* PROMPT *
From the line containing "Dr. Delia Gamboa" down to the line containing "Hacı Zeynalabdin Tağıyevin", copy out the entries below exactly, both lines included, and nothing else; pictures do not belong in the copy.

* RECORDS SUPPLIED *
^^^^^^^^

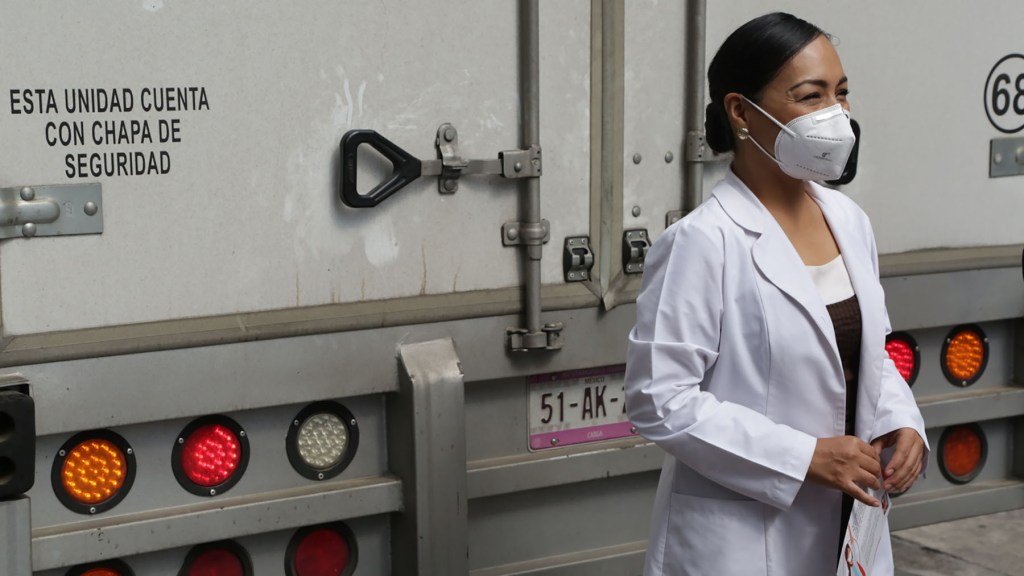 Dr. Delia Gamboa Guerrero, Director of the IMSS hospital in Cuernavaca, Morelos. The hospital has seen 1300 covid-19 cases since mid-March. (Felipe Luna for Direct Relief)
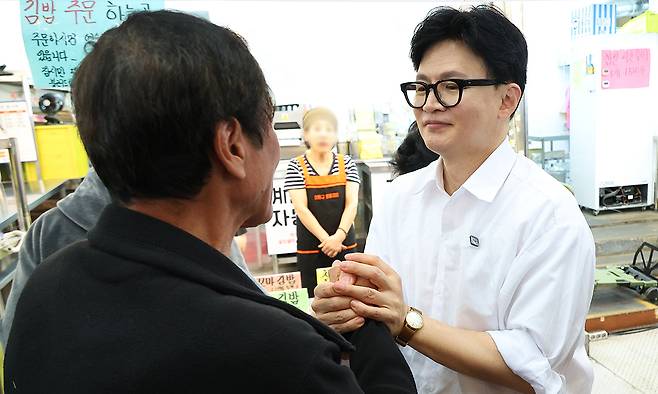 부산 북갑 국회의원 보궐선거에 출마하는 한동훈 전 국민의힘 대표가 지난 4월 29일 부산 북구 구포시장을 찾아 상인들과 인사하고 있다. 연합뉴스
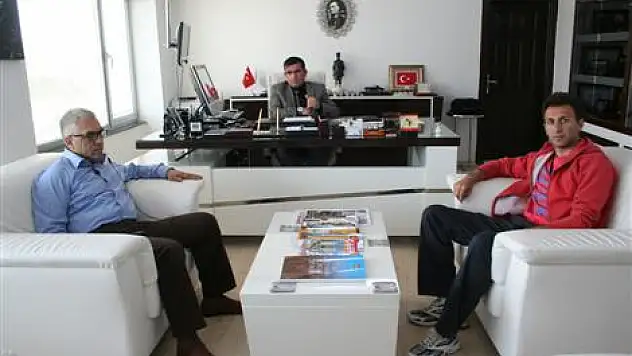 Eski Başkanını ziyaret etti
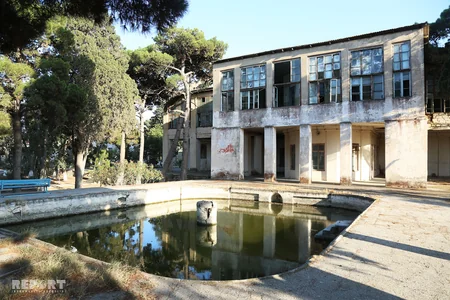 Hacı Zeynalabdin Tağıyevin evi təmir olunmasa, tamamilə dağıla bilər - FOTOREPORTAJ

^^^^^^^^

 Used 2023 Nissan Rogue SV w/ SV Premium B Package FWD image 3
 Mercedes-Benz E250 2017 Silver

^^^^^^^^

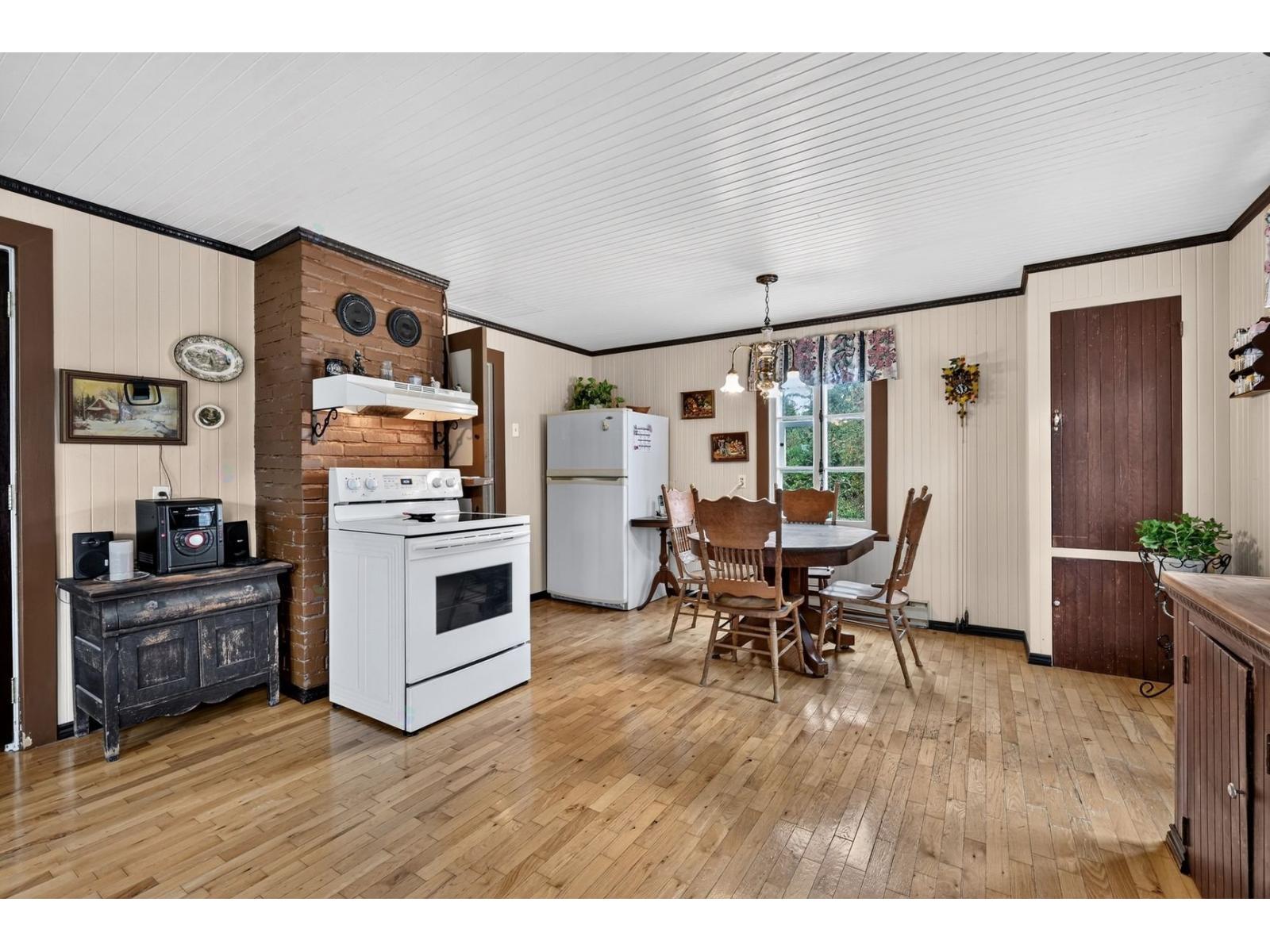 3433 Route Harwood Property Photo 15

^^^^^^^^

* ANSWER SECTION *
 Dr. Delia Gamboa Guerrero, Director of the IMSS hospital in Cuernavaca, Morelos. The hospital has seen 1300 covid-19 cases since mid-March. (Felipe Luna for Direct Relief)
 부산 북갑 국회의원 보궐선거에 출마하는 한동훈 전 국민의힘 대표가 지난 4월 29일 부산 북구 구포시장을 찾아 상인들과 인사하고 있다. 연합뉴스
 Eski Başkanını ziyaret etti
 Hacı Zeynalabdin Tağıyevin evi təmir olunmasa, tamamilə dağıla bilər - FOTOREPORTAJ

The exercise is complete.